Summary judgment "should be rendered if the pleadings, the discovery and disclosure materials on file, and any affidavits show that there is no genuine issue as to any material fact and that the movant is entitled to judgment as a matter of law." Fed. R. Civ. P. 56(c). Any discrepancies in the factual record should be evaluated in the non-movant's favor. Anderson v. Liberty Lobby, Inc., 477 U.S. 242, 255 (1986) (citing Adickes v. S.H. Kress & Co., 398 U.S. 144, 158-59 (1970)). The party moving for summary judgment must show the lack of a genuine issue of material fact. Celotex Corp. v. Catrett, 477 U.S. 317, 323 (1986). "Only disputes over facts that might affect the outcome of the suit under the governing law will properly preclude the entry of summary judgment." Anderson, 477 U.S. at 248.

"Summary judgment is the 'put up or shut up' moment in a lawsuit, when a party must show what evidence it has that would convince a trier of fact to accept its version of events. Johnson v. Cambridge Indus., Inc., 325 F.3d 892, 901 (7th Cir. 2000). A party opposing summary judgment bears the burden to respond, not simply by resting on its own pleading but by "set[ting] out specific facts showing a genuine issue for trial." See Fed. R. Civ. P. 56(e). In order to be a "genuine" issue, there must be more than "some metaphysical doubt as to the material facts." Matsushita Elec. Ind. Co. v. Zenith Radio Corp., 475 U.S. 574, 586 (1986). "If [the non-movant] does not [meet his burden], summary judgment should, if appropriate, be entered against [the non-movant]." Fed. R. Civ. P. 56(e).

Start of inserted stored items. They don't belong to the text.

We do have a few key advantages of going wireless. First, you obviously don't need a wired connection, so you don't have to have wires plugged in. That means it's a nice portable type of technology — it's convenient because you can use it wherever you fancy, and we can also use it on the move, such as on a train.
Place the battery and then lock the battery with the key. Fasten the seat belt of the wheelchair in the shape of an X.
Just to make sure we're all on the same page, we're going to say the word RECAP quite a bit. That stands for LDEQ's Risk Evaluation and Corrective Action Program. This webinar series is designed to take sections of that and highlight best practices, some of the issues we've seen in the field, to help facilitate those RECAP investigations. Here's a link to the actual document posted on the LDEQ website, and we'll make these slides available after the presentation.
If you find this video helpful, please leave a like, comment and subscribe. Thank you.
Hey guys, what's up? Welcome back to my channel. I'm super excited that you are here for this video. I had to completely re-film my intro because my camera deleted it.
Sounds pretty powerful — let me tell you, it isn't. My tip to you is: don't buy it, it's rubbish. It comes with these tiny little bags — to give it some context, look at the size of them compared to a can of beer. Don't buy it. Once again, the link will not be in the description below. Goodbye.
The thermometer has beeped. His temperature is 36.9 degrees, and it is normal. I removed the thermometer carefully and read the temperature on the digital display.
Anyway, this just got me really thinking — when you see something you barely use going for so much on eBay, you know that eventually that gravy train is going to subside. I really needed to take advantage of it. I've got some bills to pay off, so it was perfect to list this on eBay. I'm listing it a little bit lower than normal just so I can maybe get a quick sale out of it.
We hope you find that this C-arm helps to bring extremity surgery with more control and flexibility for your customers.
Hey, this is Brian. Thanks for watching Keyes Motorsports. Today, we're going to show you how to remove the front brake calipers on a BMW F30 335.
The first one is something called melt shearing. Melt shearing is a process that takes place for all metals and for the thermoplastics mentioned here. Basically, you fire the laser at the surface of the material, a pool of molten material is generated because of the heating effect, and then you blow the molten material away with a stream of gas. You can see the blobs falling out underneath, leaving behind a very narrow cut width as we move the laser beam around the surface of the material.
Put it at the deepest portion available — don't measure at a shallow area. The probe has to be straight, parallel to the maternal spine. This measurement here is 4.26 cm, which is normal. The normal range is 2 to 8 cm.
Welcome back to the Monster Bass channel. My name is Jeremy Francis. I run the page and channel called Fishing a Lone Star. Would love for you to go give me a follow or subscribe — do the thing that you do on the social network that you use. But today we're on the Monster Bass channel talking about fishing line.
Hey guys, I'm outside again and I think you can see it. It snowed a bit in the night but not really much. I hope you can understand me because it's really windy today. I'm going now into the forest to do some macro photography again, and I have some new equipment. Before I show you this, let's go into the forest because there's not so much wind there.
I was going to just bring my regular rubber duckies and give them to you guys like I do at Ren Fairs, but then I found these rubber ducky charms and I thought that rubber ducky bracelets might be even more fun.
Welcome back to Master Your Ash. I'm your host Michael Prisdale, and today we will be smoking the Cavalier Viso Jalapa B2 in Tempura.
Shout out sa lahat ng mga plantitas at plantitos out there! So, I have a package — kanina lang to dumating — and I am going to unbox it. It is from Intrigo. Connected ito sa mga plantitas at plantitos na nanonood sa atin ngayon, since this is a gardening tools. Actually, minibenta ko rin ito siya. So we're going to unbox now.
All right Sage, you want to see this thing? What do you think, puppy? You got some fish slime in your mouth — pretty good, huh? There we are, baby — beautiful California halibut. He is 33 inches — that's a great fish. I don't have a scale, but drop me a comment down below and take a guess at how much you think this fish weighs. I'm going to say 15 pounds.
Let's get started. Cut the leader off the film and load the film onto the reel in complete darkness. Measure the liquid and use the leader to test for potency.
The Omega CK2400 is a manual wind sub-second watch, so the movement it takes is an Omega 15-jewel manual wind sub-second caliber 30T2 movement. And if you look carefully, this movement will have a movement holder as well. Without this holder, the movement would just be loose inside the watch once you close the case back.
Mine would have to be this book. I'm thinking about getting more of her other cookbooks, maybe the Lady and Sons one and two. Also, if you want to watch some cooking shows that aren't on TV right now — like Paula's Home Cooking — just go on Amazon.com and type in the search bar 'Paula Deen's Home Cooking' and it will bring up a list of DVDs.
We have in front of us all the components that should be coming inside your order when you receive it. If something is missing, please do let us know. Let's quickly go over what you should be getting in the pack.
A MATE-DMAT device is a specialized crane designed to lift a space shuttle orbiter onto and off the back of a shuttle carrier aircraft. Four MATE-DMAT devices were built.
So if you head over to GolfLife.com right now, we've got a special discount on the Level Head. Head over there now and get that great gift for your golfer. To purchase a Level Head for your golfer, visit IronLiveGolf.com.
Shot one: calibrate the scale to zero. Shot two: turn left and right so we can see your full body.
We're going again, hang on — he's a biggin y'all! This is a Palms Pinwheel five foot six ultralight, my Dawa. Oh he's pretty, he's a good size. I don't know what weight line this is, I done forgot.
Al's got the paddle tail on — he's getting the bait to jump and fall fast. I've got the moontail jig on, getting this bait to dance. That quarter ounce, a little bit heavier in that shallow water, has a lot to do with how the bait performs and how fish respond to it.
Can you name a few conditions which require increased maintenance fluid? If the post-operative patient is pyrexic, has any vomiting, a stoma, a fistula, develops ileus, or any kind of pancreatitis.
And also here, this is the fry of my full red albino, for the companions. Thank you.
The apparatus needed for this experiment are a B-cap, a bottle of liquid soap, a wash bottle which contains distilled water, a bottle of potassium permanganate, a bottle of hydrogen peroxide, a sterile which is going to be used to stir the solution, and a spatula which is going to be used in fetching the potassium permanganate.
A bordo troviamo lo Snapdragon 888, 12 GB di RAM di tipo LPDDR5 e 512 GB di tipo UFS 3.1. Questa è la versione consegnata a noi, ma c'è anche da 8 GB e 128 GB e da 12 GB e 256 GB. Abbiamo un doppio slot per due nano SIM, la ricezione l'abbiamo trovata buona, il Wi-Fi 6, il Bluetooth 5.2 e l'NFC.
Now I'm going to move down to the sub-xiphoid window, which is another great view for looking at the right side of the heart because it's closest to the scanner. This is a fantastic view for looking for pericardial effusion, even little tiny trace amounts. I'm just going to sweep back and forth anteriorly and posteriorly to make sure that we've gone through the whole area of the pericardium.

Further, "[t]he plaintiff cannot merely allege the existence of a factual dispute to defeat summary judgment .. Instead, he must supply evidence sufficient to allow a jury to render a verdict in his favor." Basith v. Cook County, 241 F.3d 919, 926 (7th Cir. 2001). Specifically, the non-moving party "must present sufficient evidence to show the existence of each element of its case on which it will bear the burden at trial." Filipovic v. K&R Express Systems, Inc., 176 F.3d 390, 390 (7th Cir. 1999). Failure by the non-movant to meet all of the above requirements subjects him to summary judgment on his claims.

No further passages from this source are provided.